To make your emergency heater, you'll need:
- A new, quart-sized paint can with a lid. These can be purchased at paint stores and home improvement stores like Home Depot for around $2-3.
- A roll of unscented toilet paper (I say, the cheaper the better. I bought a package of the rough, store brand stuff for around a dollar. It wasn't hard to fit into the can -- others at the class had a difficult time because they were using their nice, multiple-ply stuff.)
- A bottle of unscented, 70% isopropyl alcohol
- A box of matches (I just learned that you can waterproof matches by dipping the heads in wax. Pretty cool.)
- A quarter and some tape (I suggest packaging tape)
When you want to use the heater, pop open the lid, using the quarter as leverage. Place the lit match or lighter carefully against the alcohol-soaked toilet paper. A small flame will develop. The flame only uses the alcohol as fuel -- the toilet paper shouldn't burn. If it does start to burn, that means you need more alcohol. To do this, replace the lid to extinguish the flame. Once out, add some more alcohol and light again. Once you've used this heater, the only thing that ever needs replacing is the alcohol since the TP doesn't burn. Assembling the heater is a one-time thing, really.
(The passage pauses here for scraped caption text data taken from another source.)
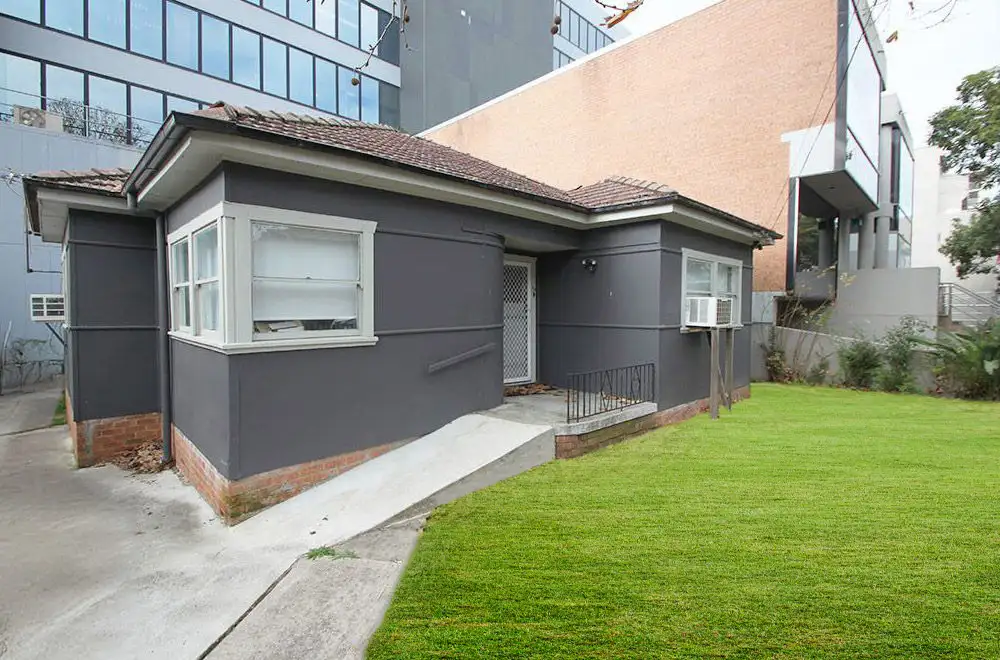 Main view of Homely house listing, 33 Kitchener Parade, Bankstown NSW 2200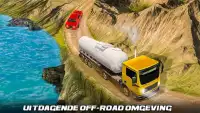 Olie tankschip Vrachtauto Drive 3D:Het rijden Pret Screen Shot 3
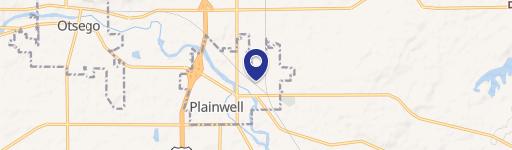 Plainwell, MI 49080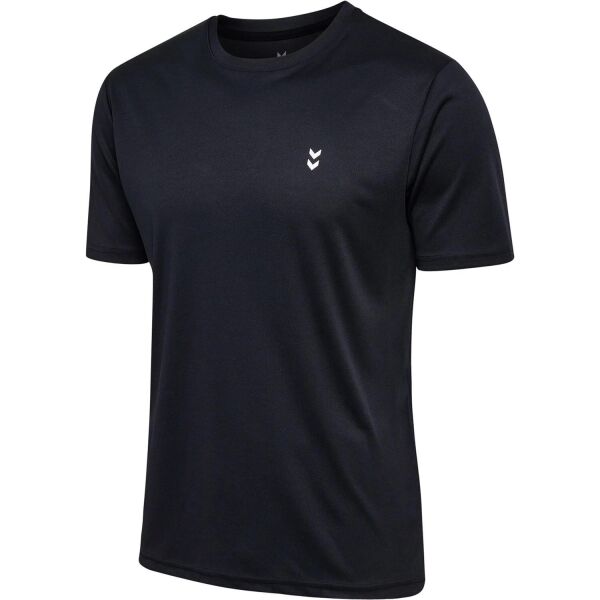 HUMMEL HMLPULSE TRAINING  T-SHIRT S/S ERKEK T-SHIRT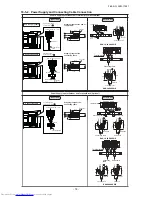 Предварительный просмотр 72 страницы Toshiba RAS-18PAVSG-E Service Manual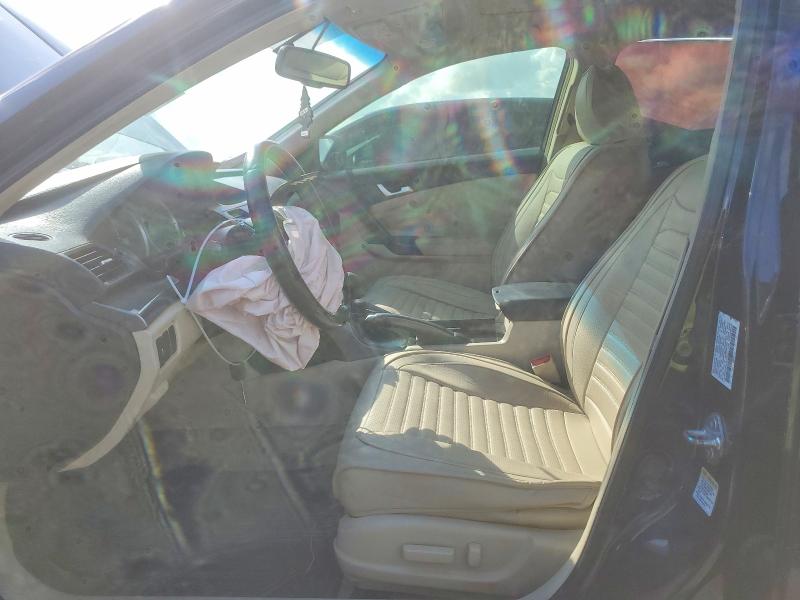 Photo 7 from auction – 2013 ACURA TSX with VIN JH4CU2F46DC010431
Important: if you're going to use this heater in a car, crack open the windows for ventilation. Even though the alcohol doesn't produce carbon monoxide, you still want fresh air in such an enclosed space.
The teacher of the class said that she burned her heater (to test it out) in her kitchen and it lasted for five hours. According to one site I checked, you can keep a car heated at 60-70 degrees for 24 hours with 4 pints of alcohol. These heaters can get hot, so be careful how you handle them and be sure to keep them away from anything that could catch (obviously). Another site I read suggested sliding the passenger seat in the car as far back as it can go and placing the heater on the floor.
You can also use this heater in your home in the event of an emergency. Since the area isn't as small as that of a car, the instructor of the class said that you should be fine without cracking the windows (if you're in a small room, it couldn't hurt to crack it a little). This small heater, of course, won't keep an entire room at 60-70 degrees, but it will keep the chill off enough. These heaters are great for 72-hour kits.
For under five bucks, you can create a heat source for you and your family in the event of an emergency -- and five dollars is a small price to pay for a little extra peace of mind.